Fast forward to summer, 2012 and we find Wall Street strategists wildly bullish on T bonds (in opposition to the Federal Reserve's desire to buy them) and seemingly standing in way of the great and powerful Fed's Twist operation. Are the Wall Street banks doing the public a service by showing the way to safety or are they simply holding up T bonds for the ransom of even higher prices than those denoted by today's record low interest rates?
Here is a picture of Wall Street strategists' alignment courtesy of Sentimentrader.com.
While I would love for us all to sing Kumbaya and integrate Wall Street's needs with those of Main Street, it appears that the boys and girls on 'the street' are simply holding up a buyer that has made the purchase of these bonds the central theme of its monetary policy; a buyer that has to buy.
The current Fed operation is to buy long dated maturities, keeping rates low for critical areas of the economy while funding these buys by selling shorter dated maturities to 'sanitize' the operation, i.e. to keep it from increasing the money supply. In other words, selling short term bonds allows the Fed to avoid printing new money into existence to fund its long term bond buying operation.
In this context the stance of the Wall Street dealers makes sense. They are holding an (in my opinion, over valued) asset that a big buyer states to be critical to its strategy, whether by Operation Twist or any coming QE operation in which the Fed wishes to make its inflationary intents widely known to 'promote' inflationary asset price appreciation. They hold this asset dear, with the buyer backed into a corner.
The timing of a 'QE' style inflation is unknown and complicated by the degree to which the public came to call for the Fed's head (so to speak) during the last inflationary cycle that ended a little over a year ago with T bond yields right at the boiling point (red arrow by our long term 30 year yield chart AKA the 'Continuum'):
As you can see, things are very different now, with bond dealers pushing another limit. In spring of 2011 bond king Bill Gross was short the long bond. Today big dealers are pressing longs. If this is a real deflation, look for the yield to drop to the unthinkable green dotted lower channel line. If it is a prelude to a coming inflation operation, expect the horizontal green support line to hold.

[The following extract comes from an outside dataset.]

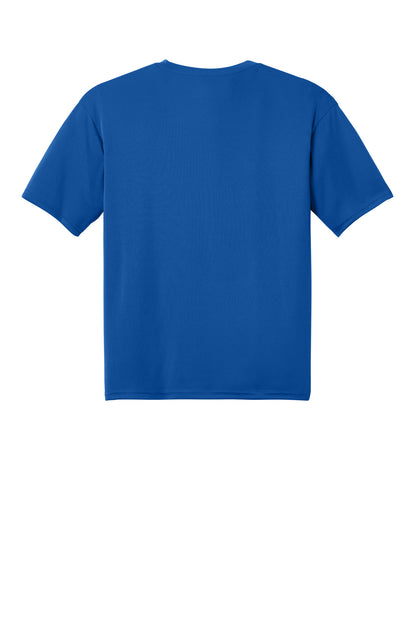 Rear View of Royal A4 Cooling Performance Short Sleeve Tee A4N3142 plain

In recent newsletters we have been noting several anomalies and conflicting signals that can jam the radar of mere mortals (like this writer). Hence, the only sensible stance is to take what the market gives us and keep risk management in the forefront. July is seen as being a 'chop' month, after a healthy rally from the May bottom. The rally is intact with a series of higher highs and higher lows, but I would like to see some of the anomalies clear before pressing the bull case.
One of those anomalies is the amazing configuration currently in play in T bonds.